===== EXERCISE DATA =====
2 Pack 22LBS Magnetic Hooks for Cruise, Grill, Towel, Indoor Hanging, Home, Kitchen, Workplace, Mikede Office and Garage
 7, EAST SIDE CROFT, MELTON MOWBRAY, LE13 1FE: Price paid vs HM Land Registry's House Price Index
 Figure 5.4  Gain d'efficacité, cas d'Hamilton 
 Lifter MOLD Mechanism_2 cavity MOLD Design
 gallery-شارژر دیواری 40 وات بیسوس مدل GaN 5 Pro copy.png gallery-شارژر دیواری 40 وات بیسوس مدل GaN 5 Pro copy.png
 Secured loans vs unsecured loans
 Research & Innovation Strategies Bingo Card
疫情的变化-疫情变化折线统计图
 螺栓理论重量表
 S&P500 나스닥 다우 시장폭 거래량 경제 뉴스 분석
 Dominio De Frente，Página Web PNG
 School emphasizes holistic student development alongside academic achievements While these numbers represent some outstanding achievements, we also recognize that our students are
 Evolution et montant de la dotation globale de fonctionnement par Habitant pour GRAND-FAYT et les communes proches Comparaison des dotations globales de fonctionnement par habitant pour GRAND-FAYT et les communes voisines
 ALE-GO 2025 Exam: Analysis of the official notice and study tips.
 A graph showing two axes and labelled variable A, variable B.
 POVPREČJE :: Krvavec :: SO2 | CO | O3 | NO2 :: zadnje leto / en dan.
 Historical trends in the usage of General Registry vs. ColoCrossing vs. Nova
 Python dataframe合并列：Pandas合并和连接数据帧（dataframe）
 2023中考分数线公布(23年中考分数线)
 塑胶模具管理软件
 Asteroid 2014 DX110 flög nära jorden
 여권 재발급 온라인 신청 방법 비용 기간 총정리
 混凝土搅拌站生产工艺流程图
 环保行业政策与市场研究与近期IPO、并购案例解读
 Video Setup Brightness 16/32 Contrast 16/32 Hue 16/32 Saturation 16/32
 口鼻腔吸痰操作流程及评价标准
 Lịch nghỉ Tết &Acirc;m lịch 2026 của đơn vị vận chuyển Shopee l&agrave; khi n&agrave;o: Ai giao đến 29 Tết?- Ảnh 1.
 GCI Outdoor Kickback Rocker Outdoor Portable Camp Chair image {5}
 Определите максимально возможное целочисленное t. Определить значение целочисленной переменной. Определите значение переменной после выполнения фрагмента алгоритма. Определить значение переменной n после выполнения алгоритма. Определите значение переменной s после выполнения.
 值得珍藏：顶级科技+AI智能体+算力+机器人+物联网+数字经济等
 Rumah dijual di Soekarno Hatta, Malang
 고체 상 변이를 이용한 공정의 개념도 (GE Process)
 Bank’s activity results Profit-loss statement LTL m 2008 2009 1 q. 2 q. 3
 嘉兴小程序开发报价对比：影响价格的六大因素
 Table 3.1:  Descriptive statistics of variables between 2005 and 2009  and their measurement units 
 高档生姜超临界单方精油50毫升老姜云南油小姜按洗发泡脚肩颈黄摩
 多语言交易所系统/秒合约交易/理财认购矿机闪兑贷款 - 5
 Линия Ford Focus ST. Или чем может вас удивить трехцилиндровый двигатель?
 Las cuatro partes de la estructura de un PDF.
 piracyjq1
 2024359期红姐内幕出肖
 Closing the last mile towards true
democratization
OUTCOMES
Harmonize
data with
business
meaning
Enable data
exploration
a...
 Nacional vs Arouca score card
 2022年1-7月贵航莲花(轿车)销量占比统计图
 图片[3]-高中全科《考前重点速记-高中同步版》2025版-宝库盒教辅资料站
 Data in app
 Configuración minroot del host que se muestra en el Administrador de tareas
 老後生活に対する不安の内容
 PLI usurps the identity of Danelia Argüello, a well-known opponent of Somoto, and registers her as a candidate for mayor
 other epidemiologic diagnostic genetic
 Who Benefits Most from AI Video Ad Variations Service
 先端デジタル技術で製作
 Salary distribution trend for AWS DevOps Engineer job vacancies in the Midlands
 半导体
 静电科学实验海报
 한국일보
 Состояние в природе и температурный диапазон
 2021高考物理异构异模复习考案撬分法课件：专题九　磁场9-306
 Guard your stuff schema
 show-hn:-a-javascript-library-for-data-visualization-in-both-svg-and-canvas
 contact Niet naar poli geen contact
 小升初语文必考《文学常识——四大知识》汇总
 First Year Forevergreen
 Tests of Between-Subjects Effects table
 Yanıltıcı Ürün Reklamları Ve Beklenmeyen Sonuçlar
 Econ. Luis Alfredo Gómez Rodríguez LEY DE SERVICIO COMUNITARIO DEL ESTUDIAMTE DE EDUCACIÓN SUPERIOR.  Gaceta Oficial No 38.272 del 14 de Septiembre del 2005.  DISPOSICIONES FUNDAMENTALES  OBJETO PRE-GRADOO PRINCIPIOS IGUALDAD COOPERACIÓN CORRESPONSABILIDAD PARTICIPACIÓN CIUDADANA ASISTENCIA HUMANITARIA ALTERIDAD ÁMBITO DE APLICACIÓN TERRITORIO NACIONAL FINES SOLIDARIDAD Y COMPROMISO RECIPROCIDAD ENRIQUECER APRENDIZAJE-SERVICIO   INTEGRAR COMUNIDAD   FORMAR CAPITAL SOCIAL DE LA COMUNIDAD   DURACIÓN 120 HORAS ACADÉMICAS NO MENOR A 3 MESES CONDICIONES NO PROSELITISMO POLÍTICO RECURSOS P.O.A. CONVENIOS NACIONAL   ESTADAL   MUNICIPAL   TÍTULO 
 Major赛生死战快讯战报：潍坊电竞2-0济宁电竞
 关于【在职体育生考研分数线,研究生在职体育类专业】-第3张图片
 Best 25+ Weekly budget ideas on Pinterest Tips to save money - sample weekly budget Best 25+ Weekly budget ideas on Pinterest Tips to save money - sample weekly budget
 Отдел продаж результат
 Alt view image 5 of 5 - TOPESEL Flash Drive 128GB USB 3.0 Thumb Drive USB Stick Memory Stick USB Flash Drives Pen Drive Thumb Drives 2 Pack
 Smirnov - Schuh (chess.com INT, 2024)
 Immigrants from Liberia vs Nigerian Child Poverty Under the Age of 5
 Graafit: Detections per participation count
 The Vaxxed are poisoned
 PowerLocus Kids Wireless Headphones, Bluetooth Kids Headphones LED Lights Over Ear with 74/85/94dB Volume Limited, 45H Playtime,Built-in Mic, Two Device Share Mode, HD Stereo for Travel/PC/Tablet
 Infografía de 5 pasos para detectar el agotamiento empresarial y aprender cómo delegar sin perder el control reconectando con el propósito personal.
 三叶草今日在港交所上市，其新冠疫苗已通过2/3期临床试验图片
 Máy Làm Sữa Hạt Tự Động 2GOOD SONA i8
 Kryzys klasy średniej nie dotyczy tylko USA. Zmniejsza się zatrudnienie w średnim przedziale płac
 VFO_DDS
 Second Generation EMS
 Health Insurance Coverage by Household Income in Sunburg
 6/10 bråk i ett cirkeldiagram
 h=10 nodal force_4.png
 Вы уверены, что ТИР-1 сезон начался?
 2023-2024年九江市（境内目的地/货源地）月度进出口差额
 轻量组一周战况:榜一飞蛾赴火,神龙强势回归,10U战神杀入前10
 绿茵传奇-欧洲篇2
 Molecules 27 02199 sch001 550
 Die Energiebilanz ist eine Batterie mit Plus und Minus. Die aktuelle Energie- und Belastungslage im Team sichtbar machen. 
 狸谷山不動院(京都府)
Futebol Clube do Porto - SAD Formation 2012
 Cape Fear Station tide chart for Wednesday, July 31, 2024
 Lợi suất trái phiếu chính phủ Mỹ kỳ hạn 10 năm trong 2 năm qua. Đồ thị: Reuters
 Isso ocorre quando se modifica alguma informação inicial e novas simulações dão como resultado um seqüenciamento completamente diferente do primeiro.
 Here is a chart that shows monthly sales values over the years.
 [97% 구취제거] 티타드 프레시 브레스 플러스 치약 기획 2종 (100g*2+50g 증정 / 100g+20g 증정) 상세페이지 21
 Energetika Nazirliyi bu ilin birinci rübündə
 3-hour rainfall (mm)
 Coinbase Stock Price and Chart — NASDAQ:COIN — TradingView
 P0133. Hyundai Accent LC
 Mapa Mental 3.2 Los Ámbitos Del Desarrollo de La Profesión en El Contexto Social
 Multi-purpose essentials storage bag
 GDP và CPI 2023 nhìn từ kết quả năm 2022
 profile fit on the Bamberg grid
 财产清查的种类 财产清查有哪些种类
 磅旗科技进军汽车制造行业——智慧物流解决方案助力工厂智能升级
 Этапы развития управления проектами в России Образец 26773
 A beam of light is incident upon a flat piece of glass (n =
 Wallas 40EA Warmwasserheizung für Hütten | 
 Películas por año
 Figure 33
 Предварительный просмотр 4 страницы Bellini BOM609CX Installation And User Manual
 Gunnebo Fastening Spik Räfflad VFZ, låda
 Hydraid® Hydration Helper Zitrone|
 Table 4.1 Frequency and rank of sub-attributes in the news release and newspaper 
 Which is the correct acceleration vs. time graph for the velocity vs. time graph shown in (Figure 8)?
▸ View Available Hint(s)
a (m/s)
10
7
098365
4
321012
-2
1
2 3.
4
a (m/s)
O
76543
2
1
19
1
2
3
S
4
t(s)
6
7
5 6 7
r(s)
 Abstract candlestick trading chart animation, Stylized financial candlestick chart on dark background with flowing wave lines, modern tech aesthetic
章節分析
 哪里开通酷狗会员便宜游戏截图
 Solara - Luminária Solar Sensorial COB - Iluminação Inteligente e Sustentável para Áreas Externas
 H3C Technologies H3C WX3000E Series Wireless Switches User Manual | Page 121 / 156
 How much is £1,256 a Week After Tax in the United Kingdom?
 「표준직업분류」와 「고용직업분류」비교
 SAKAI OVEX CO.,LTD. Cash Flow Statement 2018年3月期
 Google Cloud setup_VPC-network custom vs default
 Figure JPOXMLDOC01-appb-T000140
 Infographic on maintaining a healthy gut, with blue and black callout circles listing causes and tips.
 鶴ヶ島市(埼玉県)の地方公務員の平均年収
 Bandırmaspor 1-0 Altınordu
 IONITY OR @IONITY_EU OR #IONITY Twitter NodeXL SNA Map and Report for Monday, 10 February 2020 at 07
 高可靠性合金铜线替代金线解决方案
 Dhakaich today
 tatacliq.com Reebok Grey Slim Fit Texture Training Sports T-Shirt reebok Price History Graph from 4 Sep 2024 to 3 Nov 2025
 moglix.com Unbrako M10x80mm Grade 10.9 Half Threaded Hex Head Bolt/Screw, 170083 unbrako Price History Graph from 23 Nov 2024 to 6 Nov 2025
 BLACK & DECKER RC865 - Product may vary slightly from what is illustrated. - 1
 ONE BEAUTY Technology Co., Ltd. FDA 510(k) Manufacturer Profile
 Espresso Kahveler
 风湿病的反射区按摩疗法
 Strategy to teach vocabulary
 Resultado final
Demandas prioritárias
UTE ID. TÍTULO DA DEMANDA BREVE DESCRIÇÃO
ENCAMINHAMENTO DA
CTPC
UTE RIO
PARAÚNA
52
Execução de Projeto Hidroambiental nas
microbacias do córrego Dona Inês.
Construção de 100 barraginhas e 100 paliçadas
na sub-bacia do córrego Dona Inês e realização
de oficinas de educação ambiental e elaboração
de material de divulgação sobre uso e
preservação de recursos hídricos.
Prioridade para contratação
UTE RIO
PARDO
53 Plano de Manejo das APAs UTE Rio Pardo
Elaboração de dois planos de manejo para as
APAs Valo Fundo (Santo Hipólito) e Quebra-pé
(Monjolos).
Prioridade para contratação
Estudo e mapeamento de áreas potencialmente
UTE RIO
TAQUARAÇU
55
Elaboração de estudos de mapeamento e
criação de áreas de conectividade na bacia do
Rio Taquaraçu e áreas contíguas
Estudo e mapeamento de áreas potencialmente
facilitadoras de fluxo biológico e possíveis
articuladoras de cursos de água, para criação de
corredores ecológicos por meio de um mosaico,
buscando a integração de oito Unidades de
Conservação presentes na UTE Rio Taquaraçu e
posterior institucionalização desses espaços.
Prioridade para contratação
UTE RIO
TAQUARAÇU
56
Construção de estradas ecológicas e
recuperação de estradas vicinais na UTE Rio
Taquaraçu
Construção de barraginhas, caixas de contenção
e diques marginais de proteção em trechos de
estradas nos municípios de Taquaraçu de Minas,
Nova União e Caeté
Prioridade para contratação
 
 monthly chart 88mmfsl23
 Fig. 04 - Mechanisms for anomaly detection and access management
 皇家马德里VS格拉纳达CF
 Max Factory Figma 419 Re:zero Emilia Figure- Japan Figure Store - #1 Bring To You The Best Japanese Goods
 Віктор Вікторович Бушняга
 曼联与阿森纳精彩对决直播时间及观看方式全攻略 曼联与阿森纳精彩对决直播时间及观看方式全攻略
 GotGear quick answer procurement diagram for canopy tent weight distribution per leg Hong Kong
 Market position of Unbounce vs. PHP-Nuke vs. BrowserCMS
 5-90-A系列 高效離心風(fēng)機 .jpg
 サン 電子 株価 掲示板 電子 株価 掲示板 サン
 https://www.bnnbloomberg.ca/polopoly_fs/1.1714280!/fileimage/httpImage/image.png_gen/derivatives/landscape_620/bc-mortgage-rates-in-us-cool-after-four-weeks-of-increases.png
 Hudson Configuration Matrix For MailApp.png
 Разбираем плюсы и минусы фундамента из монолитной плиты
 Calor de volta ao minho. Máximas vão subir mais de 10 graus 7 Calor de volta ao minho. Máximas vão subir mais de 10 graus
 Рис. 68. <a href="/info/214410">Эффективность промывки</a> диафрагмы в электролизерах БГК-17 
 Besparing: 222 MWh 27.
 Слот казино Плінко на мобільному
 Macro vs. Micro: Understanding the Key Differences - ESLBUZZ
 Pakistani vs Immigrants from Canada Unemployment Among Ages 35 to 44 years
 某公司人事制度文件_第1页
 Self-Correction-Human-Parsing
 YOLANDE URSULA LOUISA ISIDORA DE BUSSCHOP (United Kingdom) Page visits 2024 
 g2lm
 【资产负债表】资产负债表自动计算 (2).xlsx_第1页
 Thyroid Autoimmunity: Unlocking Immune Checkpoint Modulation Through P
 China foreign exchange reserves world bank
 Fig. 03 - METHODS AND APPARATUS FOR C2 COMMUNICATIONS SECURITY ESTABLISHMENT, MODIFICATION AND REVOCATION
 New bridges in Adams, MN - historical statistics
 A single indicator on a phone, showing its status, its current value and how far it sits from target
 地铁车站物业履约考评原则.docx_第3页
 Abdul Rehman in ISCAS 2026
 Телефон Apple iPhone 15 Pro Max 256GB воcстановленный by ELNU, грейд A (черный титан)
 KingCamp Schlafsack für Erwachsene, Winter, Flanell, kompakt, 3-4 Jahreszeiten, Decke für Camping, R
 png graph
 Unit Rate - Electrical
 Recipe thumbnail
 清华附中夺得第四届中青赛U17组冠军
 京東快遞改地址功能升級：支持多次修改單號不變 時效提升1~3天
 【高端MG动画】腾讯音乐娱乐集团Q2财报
=====
WORK TASK: The answer should be the first line of the material and every line after it through the line containing "School emphasizes holistic", exactly as written, and nothing else.

ANSWER BOX:
2 Pack 22LBS Magnetic Hooks for Cruise, Grill, Towel, Indoor Hanging, Home, Kitchen, Workplace, Mikede Office and Garage
 7, EAST SIDE CROFT, MELTON MOWBRAY, LE13 1FE: Price paid vs HM Land Registry's House Price Index
 Figure 5.4  Gain d'efficacité, cas d'Hamilton 
 Lifter MOLD Mechanism_2 cavity MOLD Design
 gallery-شارژر دیواری 40 وات بیسوس مدل GaN 5 Pro copy.png gallery-شارژر دیواری 40 وات بیسوس مدل GaN 5 Pro copy.png
 Secured loans vs unsecured loans
 Research & Innovation Strategies Bingo Card
疫情的变化-疫情变化折线统计图
 螺栓理论重量表
 S&P500 나스닥 다우 시장폭 거래량 경제 뉴스 분석
 Dominio De Frente，Página Web PNG
 School emphasizes holistic student development alongside academic achievements While these numbers represent some outstanding achievements, we also recognize that our students are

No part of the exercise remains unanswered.